Sometimes we wake up in the middle of the night with a feeling that makes no sense.

It might be guilt.

But it might also be sadness, frustration, fear, dread, or shame.

For me, it was guilt this time.

Nothing dramatic had happened that day.
In fact, it had been a beautiful day filled with meaningful moments.

Yet there it was—scratching at my mind in the dark.

You know the feeling.

When something begins whispering:

You should have done more.
You should have known better.
You should have…

And before you know it, your mind has turned against you.

Most of us do what I’ve done many times before.

We push it away.
We get up the next morning and move into our day, hoping the feeling fades.

And it usually does.

Until the next quiet moment.
Or the next night.

Because guilt that isn’t understood rarely disappears.

It just waits.

What If Guilt Isn’t an Accusation?

What if guilt isn’t an accusation?

What if it’s simply a signal that something inside us wants attention?

That something is unfinished.
That something deserves to be looked at more closely.

And perhaps guilt itself is not the enemy.

Perhaps it is one of the quiet qualities of being human.

Because guilt only visits the hearts of people who still care
about how they show up in the world.

It reminds us that we are connected—
to our choices,
to our relationships,
and to the kind of person we want to be.

The Power of Writing It Out

For me, the only way through these moments is to write.

Not a story.
Not a performance.

Just the facts.

What happened?
What did I know at the time?
What didn’t I know?
What story am I telling myself about it now?

And this part matters:

It’s not about handling yourself with kid gloves.
But it’s also not about being abusive.

It’s about honesty.

Clean.
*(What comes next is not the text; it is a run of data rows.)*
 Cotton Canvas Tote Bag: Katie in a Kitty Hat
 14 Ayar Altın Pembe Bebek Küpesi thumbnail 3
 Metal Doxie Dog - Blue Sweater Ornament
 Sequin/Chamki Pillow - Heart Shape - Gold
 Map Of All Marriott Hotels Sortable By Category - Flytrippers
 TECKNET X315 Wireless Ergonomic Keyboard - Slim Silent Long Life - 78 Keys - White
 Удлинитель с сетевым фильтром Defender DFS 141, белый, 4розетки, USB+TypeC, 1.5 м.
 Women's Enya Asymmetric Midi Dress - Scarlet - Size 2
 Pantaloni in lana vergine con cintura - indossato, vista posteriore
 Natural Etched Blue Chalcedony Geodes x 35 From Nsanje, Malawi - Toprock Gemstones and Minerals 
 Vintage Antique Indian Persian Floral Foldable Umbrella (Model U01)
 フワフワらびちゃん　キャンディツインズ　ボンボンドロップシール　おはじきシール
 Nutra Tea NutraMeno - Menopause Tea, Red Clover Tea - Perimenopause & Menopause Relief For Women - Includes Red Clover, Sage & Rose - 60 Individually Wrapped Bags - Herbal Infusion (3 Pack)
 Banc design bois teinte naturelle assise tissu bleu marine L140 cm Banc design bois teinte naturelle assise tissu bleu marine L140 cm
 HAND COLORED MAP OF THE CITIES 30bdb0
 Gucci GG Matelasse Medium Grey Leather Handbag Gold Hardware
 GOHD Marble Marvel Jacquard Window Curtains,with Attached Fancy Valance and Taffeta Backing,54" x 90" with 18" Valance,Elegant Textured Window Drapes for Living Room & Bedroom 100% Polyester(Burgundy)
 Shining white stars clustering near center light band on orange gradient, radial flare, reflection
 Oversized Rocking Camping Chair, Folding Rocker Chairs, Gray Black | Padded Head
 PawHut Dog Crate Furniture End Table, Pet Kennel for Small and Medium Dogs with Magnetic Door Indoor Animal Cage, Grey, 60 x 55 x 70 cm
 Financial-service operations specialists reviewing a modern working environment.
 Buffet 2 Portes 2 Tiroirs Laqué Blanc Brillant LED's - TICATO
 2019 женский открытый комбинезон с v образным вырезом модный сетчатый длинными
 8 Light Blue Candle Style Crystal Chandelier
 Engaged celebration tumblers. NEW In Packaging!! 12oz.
Clear. Unembellished truth.

When I wrote Wholly Sober, I didn’t sugarcoat my choices or behavior.

I also didn’t turn it into spectacle.

I wrote about what I had lived.
What I had witnessed growing up.
How the very things I tried to avoid…
found me anyway—just in a different form.

It didn’t look the same.
But it led to the same place:
pain, harm, and loss.

And still—I didn’t write from shame.

I wrote for clarity.

Because I had lived it.
I had suffered for it.
And it was time to heal.

When we begin writing honestly, something interesting happens.

We start seeing the spaces where information was missing.
Where assumptions filled in the blanks.
Where life simply interrupted what we thought would be a straight path.

Sometimes we discover we are being far harder on ourselves than the truth requires.

Sometimes we uncover something that genuinely needs attention.

But either way, the fog begins to lift.

Because clarity is always kinder than shame.

You Hold the Pen

There is a moment in this process where we realize something important.

We are the ones holding the pen.

Not guilt.
Not shame.
Not the voice in the night that blames and scolds.

We get to slow down and fill in the blanks.

We get to notice the facts.

We get to examine the narrative we’ve been telling ourselves.

And we get to decide what comes next.

Not to erase the past.

But to move forward with greater truth.

The Question That Matters Most

Once the story becomes clearer, a different question emerges.

Not:

How do I make this feeling go away?

But:

What is the most loving step forward from here?

Sometimes that step is a conversation.

Sometimes it is forgiveness.

Sometimes it is simply understanding something we never saw before.

And sometimes it is nothing more than a quiet decision
to show up differently moving forward.

A Signal, Not a Weapon

For years I treated guilt like a weapon used against me.

Now I see it differently.

Sometimes guilt is simply a signal.

A signal that something inside us still cares.
Still wants to be honest.

Still wants to grow.

And that may be one of the most human qualities we have.

Get Curious

When guilt wakes you in the middle of the night, try something different.

Instead of fighting it, get curious.
Instead of hiding from it, write it down.

You might discover that what felt like an accusation
was really an invitation.

An invitation to understand yourself more deeply.

And perhaps…
to take one small step toward the light.

If you need a place to explore what’s coming up for you,
come sit with me.


Guilt is not always something to escape.
Sometimes it is simply the soul asking us to look again.